Once again, I retreat to my room under the stairs and picture our one and only night together. But even though he’s in Detroit or St. Louis or who even knows, I’m quiet as I come.
I bite back my moans. I can’t shake the idea that this isn’t my place and that somehow, someone could be listening.
Or really, that he could.
And that he’d know I was lying when I said I went to Frieda’s to give him a thank you gift.
On Friday night, I’m exhausted from an energizing week at the library, helping patrons. I also came up with an idea for a digital initiative to help enhance the reader’s experience, and Thalia gave it the go-ahead so it’s been consuming my mind. Wesley told me he’s not going to be home till late, so after I clean up my dinner so the kitchen is spick-and-span—I am Super Roomie—I settle into the couch, take out my blank book and my list, then flip through the course catalog from the Community Academy, checking out class offerings, wishing I could skip number two but knowing I can’t.
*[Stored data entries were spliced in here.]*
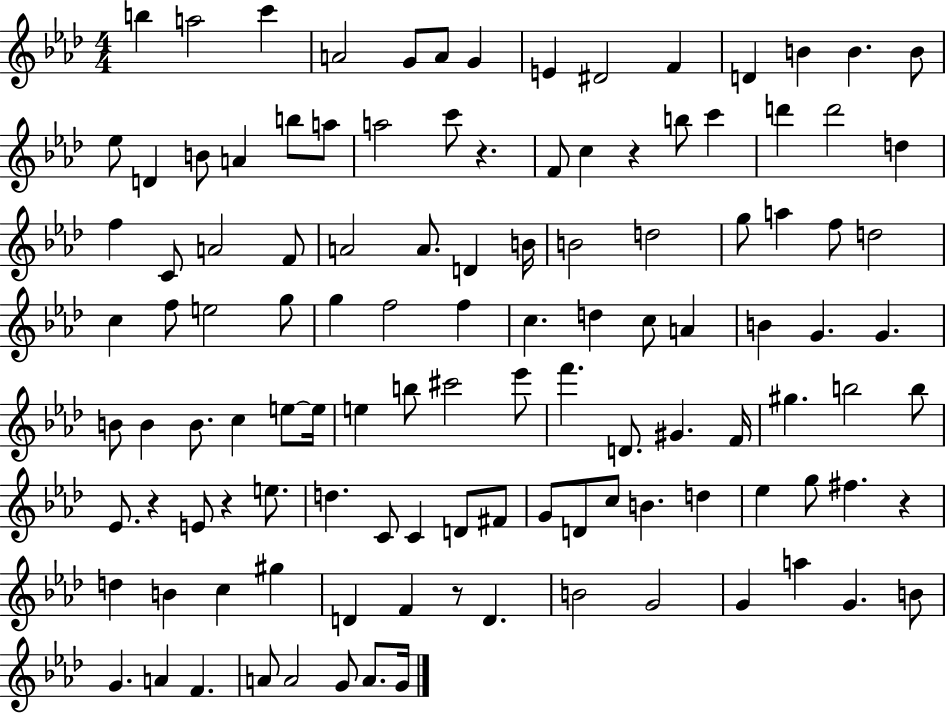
X:1
T:Untitled
M:4/4
L:1/4
K:Ab
b a2 c' A2 G/2 A/2 G E ^D2 F D B B B/2 _e/2 D B/2 A b/2 a/2 a2 c'/2 z F/2 c z b/2 c' d' d'2 d f C/2 A2 F/2 A2 A/2 D B/4 B2 d2 g/2 a f/2 d2 c f/2 e2 g/2 g f2 f c d c/2 A B G G B/2 B B/2 c e/2 e/4 e b/2 ^c'2 _e'/2 f' D/2 ^G F/4 ^g b2 b/2 _E/2 z E/2 z e/2 d C/2 C D/2 ^F/2 G/2 D/2 c/2 B d _e g/2 ^f z d B c ^g D F z/2 D B2 G2 G a G B/2 G A F A/2 A2 G/2 A/2 G/4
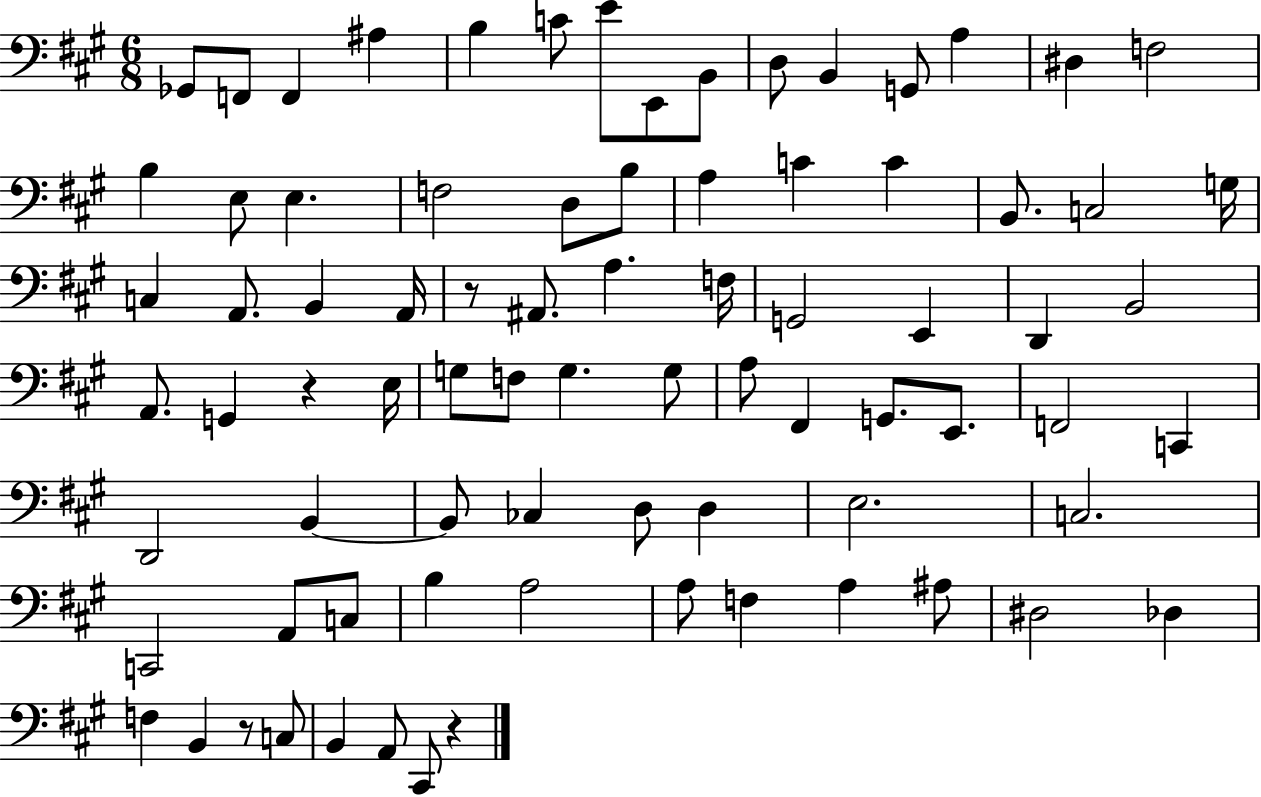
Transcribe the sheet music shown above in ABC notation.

X:1
T:Untitled
M:6/8
L:1/4
K:A
_G,,/2 F,,/2 F,, ^A, B, C/2 E/2 E,,/2 B,,/2 D,/2 B,, G,,/2 A, ^D, F,2 B, E,/2 E, F,2 D,/2 B,/2 A, C C B,,/2 C,2 G,/4 C, A,,/2 B,, A,,/4 z/2 ^A,,/2 A, F,/4 G,,2 E,, D,, B,,2 A,,/2 G,, z E,/4 G,/2 F,/2 G, G,/2 A,/2 ^F,, G,,/2 E,,/2 F,,2 C,, D,,2 B,, B,,/2 _C, D,/2 D, E,2 C,2 C,,2 A,,/2 C,/2 B, A,2 A,/2 F, A, ^A,/2 ^D,2 _D, F, B,, z/2 C,/2 B,, A,,/2 ^C,,/2 z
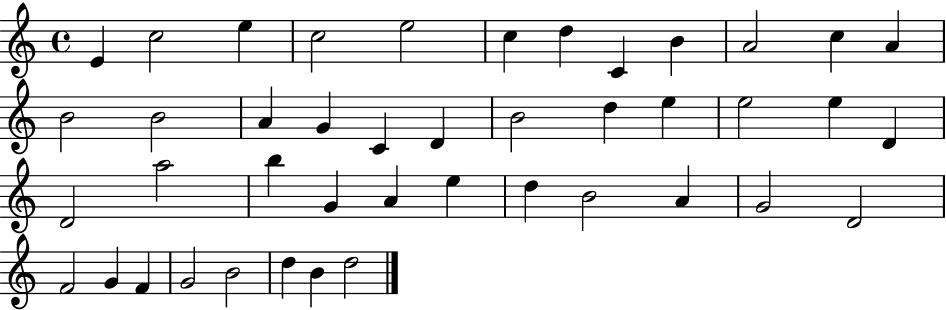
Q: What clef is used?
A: treble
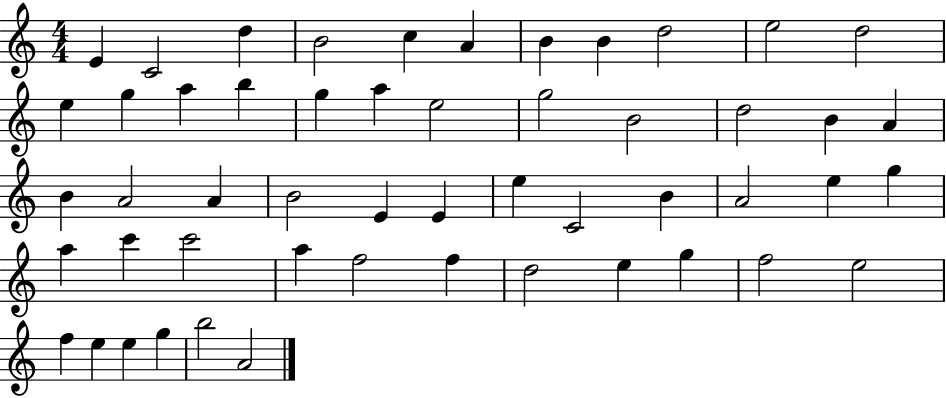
X:1
T:Untitled
M:4/4
L:1/4
K:C
E C2 d B2 c A B B d2 e2 d2 e g a b g a e2 g2 B2 d2 B A B A2 A B2 E E e C2 B A2 e g a c' c'2 a f2 f d2 e g f2 e2 f e e g b2 A2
I need to find just the right class for the item about overcoming a fear.
But it’s almost nine and a yawn overcomes me. I stretch then head to my room, grab some jammies, and take a quick shower before bed. I rub five different kinds of lotions and potions into my face, starting with under-eye cream, then serum, then night cream.
When I look dewy as fuck, I’m satisfied. I loop my brown hair into a bun with a scrunchie, slide my glasses back on, and return to the living room, stopping when I reach it, startled.